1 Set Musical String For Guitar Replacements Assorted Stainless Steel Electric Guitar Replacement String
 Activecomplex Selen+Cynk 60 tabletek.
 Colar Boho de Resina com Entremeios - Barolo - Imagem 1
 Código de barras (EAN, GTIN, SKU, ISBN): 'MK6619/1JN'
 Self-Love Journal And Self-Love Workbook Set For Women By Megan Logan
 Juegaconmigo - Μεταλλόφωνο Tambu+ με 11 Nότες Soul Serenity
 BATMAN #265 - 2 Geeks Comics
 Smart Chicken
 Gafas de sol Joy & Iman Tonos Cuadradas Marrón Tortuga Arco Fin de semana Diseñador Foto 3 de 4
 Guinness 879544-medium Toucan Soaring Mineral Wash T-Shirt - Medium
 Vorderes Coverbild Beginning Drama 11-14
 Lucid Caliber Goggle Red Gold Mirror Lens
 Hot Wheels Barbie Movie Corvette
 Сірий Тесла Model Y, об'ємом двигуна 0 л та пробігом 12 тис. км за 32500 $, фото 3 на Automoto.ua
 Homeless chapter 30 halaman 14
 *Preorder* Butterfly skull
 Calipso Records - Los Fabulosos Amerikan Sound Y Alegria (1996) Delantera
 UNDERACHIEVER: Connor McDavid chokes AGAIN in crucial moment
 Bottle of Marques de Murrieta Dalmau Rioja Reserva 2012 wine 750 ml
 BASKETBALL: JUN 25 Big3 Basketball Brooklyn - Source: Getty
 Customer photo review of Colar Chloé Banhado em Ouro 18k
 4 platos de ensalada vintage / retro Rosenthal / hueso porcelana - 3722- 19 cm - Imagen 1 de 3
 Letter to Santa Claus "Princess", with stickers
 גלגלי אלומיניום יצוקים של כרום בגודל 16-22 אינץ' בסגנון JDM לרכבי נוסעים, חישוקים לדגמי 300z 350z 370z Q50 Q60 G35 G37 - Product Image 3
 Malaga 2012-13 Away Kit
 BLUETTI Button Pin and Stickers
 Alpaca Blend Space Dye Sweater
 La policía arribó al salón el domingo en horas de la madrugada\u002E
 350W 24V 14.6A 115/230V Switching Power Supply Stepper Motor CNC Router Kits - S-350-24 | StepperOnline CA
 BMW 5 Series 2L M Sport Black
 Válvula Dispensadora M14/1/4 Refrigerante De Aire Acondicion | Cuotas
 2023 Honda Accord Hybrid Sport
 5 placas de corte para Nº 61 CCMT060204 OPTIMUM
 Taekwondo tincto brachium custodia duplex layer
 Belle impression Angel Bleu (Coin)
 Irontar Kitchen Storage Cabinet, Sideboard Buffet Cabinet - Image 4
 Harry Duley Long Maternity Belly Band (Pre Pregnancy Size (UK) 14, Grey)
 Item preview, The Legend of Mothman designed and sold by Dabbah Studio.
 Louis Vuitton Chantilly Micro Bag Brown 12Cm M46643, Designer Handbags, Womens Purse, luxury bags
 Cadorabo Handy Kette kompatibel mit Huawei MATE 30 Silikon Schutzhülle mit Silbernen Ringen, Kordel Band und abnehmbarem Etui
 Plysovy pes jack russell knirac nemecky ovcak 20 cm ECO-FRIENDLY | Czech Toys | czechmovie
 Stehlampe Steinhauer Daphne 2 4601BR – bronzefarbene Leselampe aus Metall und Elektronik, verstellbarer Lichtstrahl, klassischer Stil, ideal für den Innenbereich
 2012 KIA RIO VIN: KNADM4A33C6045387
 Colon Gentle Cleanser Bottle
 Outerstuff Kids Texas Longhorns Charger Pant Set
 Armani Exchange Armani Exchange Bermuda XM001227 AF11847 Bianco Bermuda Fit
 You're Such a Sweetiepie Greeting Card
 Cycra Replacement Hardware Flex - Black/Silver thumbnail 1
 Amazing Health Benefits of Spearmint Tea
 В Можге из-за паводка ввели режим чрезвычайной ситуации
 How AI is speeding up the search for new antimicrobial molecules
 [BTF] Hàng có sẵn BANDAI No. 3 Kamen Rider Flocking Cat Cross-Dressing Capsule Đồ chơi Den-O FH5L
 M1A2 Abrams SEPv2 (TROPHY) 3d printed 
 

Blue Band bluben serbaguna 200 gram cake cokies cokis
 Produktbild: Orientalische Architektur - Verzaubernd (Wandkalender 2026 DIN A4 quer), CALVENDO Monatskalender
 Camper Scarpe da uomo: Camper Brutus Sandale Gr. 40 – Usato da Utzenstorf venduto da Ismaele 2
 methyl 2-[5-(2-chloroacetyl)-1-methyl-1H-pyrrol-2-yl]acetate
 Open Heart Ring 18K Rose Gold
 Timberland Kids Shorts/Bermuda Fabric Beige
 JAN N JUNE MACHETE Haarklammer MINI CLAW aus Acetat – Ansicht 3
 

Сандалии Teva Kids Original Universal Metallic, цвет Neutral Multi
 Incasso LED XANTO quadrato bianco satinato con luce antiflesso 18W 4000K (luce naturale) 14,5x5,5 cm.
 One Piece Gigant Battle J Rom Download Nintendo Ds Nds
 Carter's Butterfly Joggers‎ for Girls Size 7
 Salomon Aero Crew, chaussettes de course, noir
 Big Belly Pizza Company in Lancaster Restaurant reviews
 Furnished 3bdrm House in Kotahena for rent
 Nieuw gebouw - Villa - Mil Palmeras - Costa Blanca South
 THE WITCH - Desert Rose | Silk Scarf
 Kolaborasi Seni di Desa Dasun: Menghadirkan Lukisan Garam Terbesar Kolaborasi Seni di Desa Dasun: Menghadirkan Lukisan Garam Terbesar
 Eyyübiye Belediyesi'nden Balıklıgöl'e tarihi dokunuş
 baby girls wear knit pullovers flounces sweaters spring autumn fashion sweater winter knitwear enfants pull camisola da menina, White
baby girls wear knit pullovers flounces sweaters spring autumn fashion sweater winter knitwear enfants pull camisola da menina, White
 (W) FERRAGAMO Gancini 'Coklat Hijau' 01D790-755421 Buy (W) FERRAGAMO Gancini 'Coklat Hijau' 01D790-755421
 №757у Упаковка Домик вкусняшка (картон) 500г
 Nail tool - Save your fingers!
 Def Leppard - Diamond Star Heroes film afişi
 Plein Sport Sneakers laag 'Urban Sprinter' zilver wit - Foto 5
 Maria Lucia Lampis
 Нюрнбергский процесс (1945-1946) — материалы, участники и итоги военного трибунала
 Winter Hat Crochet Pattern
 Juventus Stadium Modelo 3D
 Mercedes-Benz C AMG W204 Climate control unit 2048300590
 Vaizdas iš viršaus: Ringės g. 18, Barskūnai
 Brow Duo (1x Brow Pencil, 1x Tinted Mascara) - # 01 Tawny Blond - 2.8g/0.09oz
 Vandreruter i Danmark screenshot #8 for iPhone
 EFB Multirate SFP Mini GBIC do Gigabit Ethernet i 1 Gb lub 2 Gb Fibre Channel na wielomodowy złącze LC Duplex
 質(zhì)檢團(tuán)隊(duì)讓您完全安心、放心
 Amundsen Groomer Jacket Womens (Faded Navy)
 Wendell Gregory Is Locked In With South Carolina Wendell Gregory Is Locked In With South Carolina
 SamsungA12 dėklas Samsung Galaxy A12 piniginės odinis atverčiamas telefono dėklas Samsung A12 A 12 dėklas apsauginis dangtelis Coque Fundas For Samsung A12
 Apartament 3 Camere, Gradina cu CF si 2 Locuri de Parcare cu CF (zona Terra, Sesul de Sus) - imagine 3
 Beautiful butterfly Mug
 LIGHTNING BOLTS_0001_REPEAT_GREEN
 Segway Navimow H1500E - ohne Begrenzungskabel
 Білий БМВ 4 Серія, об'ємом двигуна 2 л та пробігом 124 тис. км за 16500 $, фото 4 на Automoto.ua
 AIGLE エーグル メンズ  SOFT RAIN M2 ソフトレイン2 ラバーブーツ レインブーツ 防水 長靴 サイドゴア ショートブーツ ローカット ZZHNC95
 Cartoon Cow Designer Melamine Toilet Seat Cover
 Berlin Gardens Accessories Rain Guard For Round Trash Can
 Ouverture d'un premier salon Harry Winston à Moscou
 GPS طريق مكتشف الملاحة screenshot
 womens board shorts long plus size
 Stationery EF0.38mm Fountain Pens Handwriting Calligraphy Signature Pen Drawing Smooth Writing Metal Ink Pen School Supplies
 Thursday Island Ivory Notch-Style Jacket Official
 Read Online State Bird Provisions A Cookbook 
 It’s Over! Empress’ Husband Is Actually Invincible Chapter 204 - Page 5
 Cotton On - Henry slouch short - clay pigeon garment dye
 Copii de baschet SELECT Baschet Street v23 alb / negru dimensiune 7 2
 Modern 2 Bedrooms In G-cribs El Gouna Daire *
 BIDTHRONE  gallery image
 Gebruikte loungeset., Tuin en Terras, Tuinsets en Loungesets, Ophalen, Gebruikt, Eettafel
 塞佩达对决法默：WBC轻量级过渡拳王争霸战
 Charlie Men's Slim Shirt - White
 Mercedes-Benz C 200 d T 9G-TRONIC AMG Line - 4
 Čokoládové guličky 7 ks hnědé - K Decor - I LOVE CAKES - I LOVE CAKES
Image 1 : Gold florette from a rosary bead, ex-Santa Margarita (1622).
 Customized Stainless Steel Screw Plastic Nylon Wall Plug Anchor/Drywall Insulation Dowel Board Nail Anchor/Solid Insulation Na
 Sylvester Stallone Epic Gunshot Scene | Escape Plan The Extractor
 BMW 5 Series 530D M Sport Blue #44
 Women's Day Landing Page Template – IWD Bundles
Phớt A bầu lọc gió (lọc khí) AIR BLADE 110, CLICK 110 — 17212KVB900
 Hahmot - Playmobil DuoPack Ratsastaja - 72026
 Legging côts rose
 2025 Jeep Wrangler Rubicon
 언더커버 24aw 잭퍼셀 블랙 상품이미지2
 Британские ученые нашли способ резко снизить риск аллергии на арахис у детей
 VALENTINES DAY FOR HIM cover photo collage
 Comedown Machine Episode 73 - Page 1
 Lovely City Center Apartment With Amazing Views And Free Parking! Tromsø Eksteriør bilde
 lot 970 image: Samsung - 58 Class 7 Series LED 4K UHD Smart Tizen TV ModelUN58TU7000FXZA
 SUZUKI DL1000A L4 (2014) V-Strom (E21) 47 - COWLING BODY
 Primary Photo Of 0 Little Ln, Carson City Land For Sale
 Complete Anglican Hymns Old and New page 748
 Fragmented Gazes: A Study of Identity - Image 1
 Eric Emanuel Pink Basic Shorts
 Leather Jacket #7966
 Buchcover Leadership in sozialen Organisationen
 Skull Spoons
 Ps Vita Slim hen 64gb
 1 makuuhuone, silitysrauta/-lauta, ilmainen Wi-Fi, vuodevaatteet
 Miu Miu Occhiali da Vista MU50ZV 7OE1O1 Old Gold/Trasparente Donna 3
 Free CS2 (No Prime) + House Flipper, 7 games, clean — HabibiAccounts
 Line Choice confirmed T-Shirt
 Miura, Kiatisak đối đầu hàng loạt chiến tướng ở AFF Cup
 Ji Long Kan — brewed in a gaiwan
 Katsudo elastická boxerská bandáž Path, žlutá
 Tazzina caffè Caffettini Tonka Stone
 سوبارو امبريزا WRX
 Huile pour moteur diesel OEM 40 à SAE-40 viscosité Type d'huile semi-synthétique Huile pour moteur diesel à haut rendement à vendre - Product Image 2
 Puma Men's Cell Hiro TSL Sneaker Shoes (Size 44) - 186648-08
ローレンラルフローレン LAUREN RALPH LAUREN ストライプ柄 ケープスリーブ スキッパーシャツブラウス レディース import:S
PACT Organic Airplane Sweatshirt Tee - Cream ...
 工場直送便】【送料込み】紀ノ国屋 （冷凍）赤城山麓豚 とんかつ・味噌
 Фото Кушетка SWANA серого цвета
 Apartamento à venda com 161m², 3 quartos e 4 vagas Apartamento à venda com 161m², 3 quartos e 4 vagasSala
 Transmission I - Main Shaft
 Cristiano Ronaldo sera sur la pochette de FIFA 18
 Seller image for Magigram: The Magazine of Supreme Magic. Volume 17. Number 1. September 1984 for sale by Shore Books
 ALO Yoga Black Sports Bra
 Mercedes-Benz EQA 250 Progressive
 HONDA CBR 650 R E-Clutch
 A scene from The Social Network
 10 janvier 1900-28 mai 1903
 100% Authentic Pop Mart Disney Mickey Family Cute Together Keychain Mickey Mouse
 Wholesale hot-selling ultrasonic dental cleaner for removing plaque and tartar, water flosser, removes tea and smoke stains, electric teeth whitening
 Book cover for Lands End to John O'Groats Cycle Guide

= Task objective =
The response should be the listing above, limited to the lines between the one holding "Calipso Records - Los" and the one holding "You're Such a Sweetiepie Greeting Card", inclusive, reproduced exactly.

= Exercise result =
 Calipso Records - Los Fabulosos Amerikan Sound Y Alegria (1996) Delantera
 UNDERACHIEVER: Connor McDavid chokes AGAIN in crucial moment
 Bottle of Marques de Murrieta Dalmau Rioja Reserva 2012 wine 750 ml
 BASKETBALL: JUN 25 Big3 Basketball Brooklyn - Source: Getty
 Customer photo review of Colar Chloé Banhado em Ouro 18k
 4 platos de ensalada vintage / retro Rosenthal / hueso porcelana - 3722- 19 cm - Imagen 1 de 3
 Letter to Santa Claus "Princess", with stickers
 גלגלי אלומיניום יצוקים של כרום בגודל 16-22 אינץ' בסגנון JDM לרכבי נוסעים, חישוקים לדגמי 300z 350z 370z Q50 Q60 G35 G37 - Product Image 3
 Malaga 2012-13 Away Kit
 BLUETTI Button Pin and Stickers
 Alpaca Blend Space Dye Sweater
 La policía arribó al salón el domingo en horas de la madrugada\u002E
 350W 24V 14.6A 115/230V Switching Power Supply Stepper Motor CNC Router Kits - S-350-24 | StepperOnline CA
 BMW 5 Series 2L M Sport Black
 Válvula Dispensadora M14/1/4 Refrigerante De Aire Acondicion | Cuotas
 2023 Honda Accord Hybrid Sport
 5 placas de corte para Nº 61 CCMT060204 OPTIMUM
 Taekwondo tincto brachium custodia duplex layer
 Belle impression Angel Bleu (Coin)
 Irontar Kitchen Storage Cabinet, Sideboard Buffet Cabinet - Image 4
 Harry Duley Long Maternity Belly Band (Pre Pregnancy Size (UK) 14, Grey)
 Item preview, The Legend of Mothman designed and sold by Dabbah Studio.
 Louis Vuitton Chantilly Micro Bag Brown 12Cm M46643, Designer Handbags, Womens Purse, luxury bags
 Cadorabo Handy Kette kompatibel mit Huawei MATE 30 Silikon Schutzhülle mit Silbernen Ringen, Kordel Band und abnehmbarem Etui
 Plysovy pes jack russell knirac nemecky ovcak 20 cm ECO-FRIENDLY | Czech Toys | czechmovie
 Stehlampe Steinhauer Daphne 2 4601BR – bronzefarbene Leselampe aus Metall und Elektronik, verstellbarer Lichtstrahl, klassischer Stil, ideal für den Innenbereich
 2012 KIA RIO VIN: KNADM4A33C6045387
 Colon Gentle Cleanser Bottle
 Outerstuff Kids Texas Longhorns Charger Pant Set
 Armani Exchange Armani Exchange Bermuda XM001227 AF11847 Bianco Bermuda Fit
 You're Such a Sweetiepie Greeting Card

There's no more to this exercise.